Dataset excerpts ->
▬▬▬▬▬▬

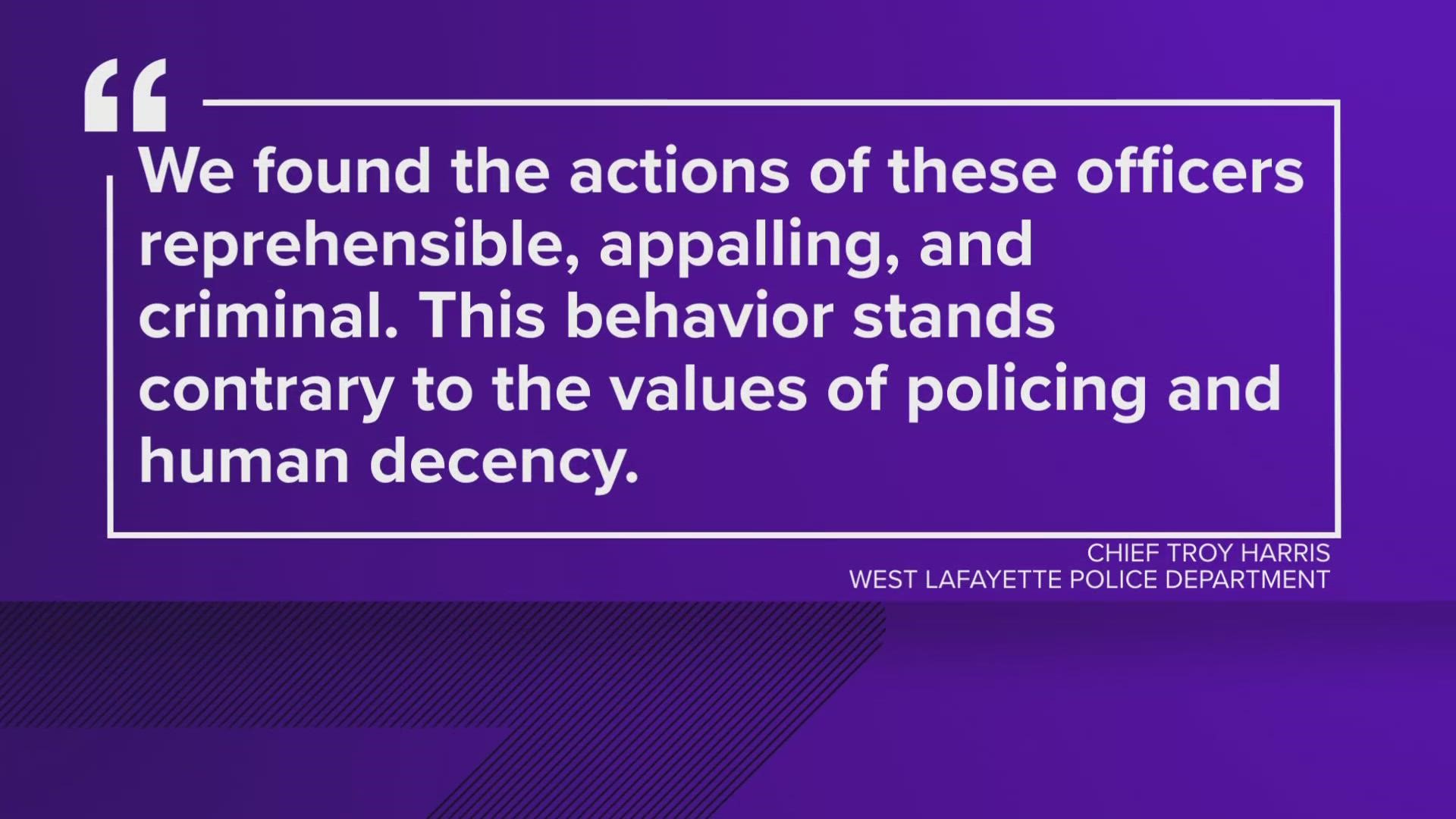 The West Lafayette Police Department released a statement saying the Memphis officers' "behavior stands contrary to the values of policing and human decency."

▬▬▬▬▬▬

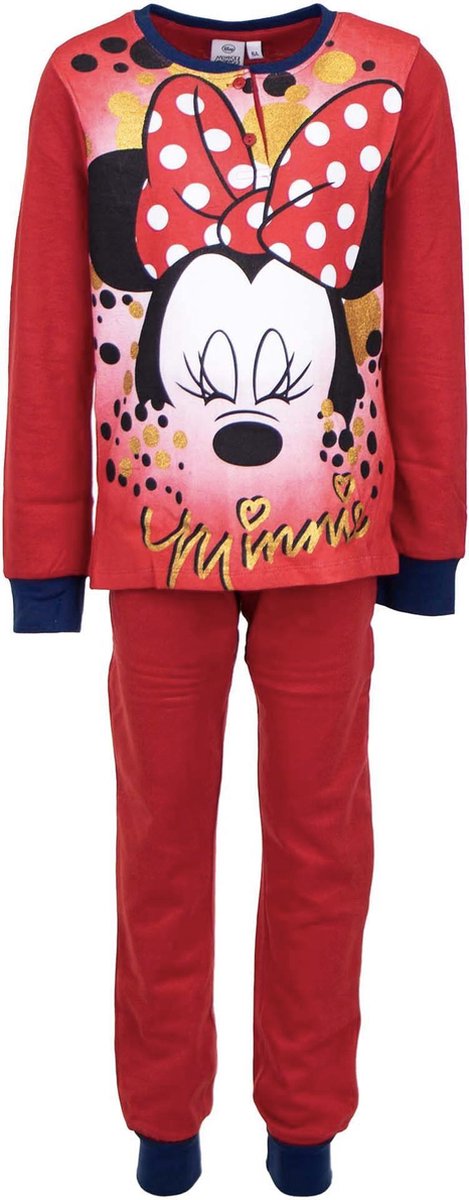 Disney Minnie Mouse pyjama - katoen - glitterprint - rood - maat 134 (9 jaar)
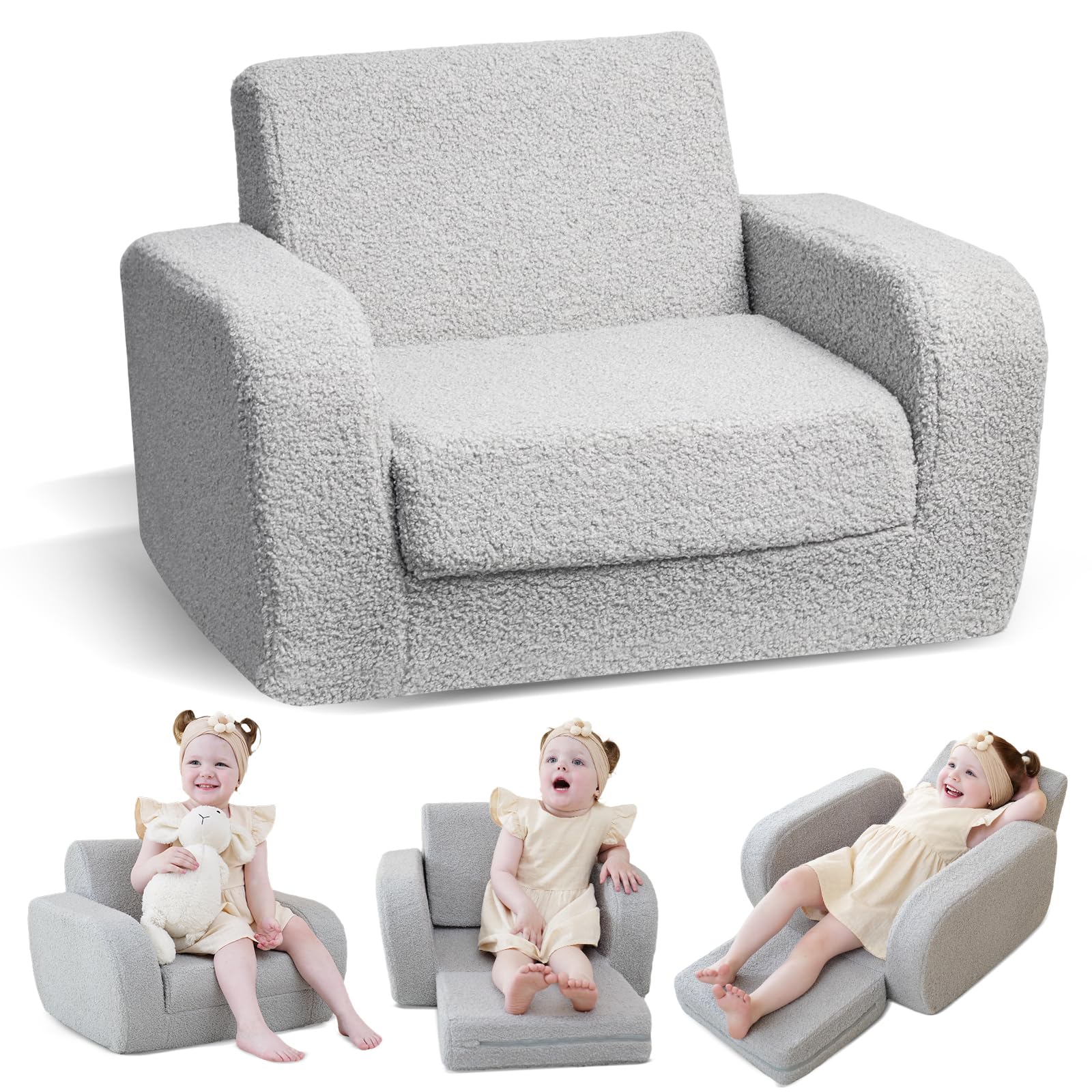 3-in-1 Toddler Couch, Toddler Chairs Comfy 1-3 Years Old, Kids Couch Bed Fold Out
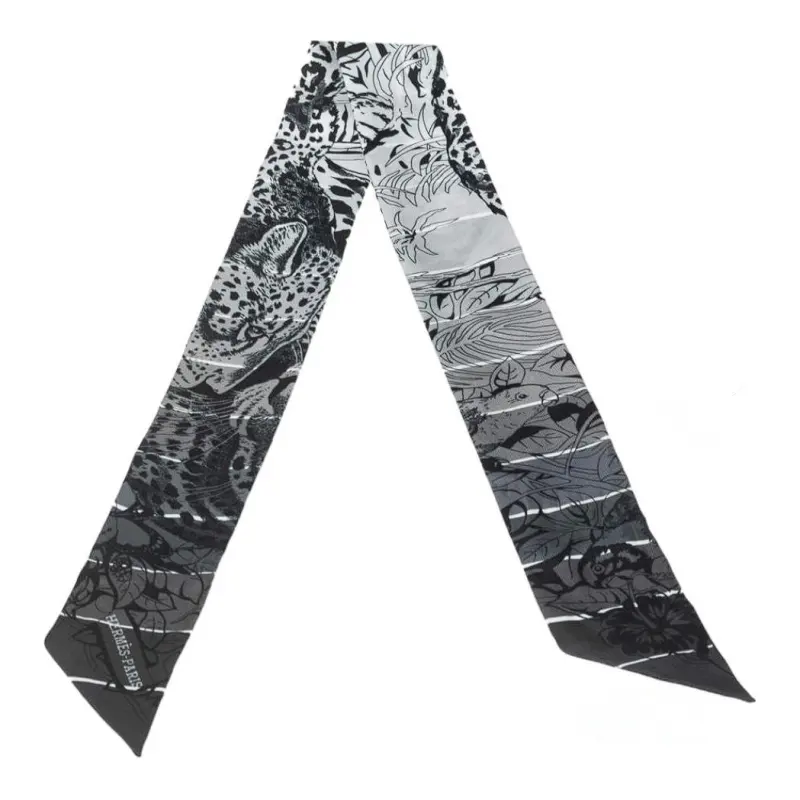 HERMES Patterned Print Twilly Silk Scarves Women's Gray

▬▬▬▬▬▬

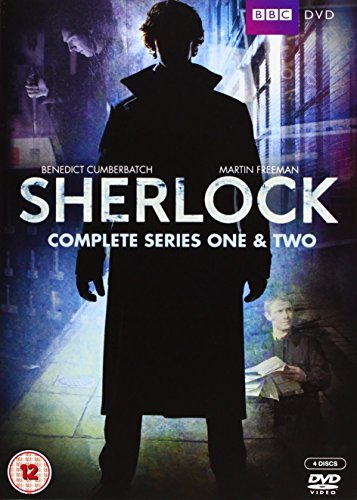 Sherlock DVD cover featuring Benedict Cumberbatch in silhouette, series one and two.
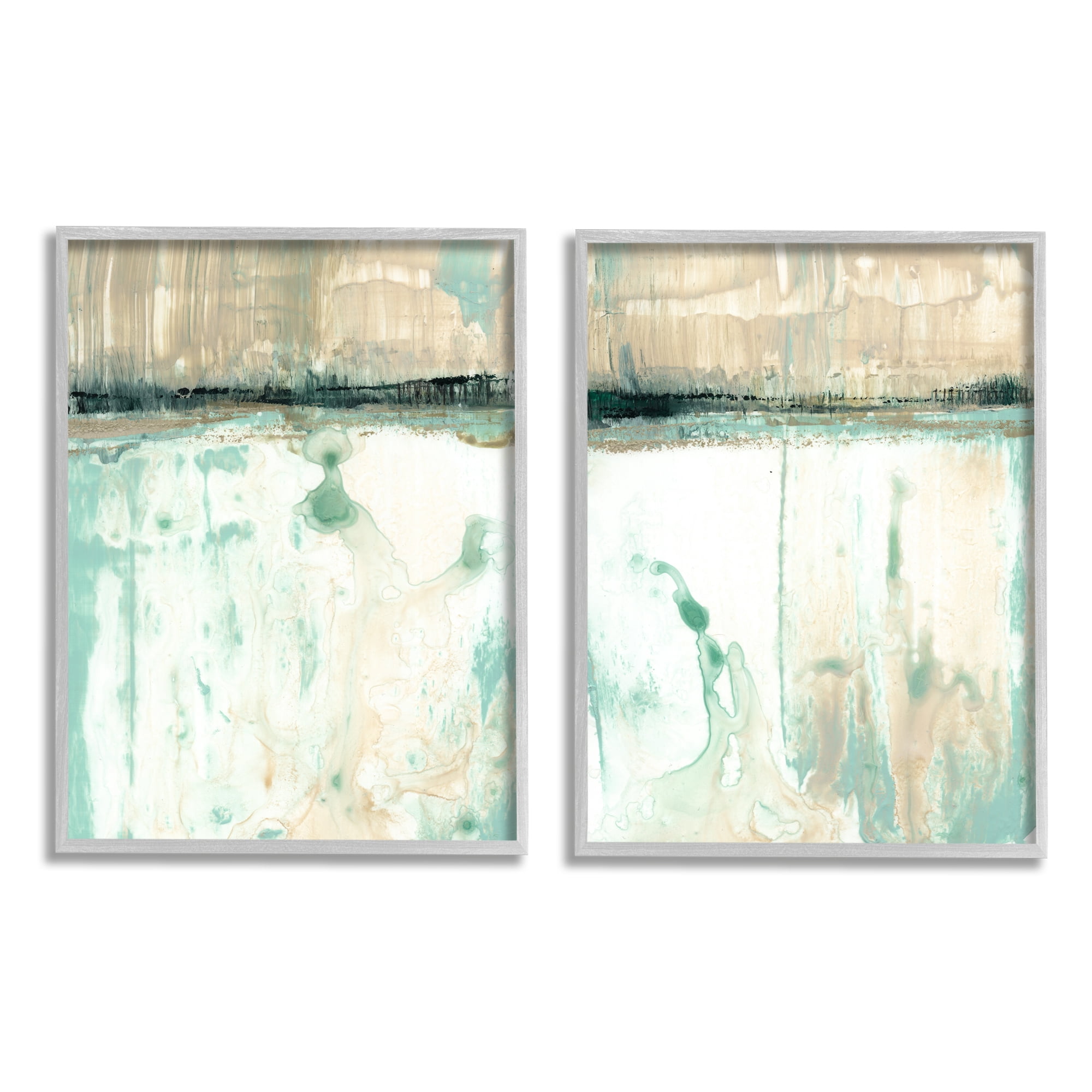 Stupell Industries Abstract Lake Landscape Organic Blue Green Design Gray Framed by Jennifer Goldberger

▬▬▬▬▬▬

Action item -> Take only the lines above from the one that has "Disney Minnie Mouse" through the one that has "HERMES Patterned Print" and reproduce them exactly, omitting any pictures.

Solved problem ->
 Disney Minnie Mouse pyjama - katoen - glitterprint - rood - maat 134 (9 jaar)
 3-in-1 Toddler Couch, Toddler Chairs Comfy 1-3 Years Old, Kids Couch Bed Fold Out
 HERMES Patterned Print Twilly Silk Scarves Women's Gray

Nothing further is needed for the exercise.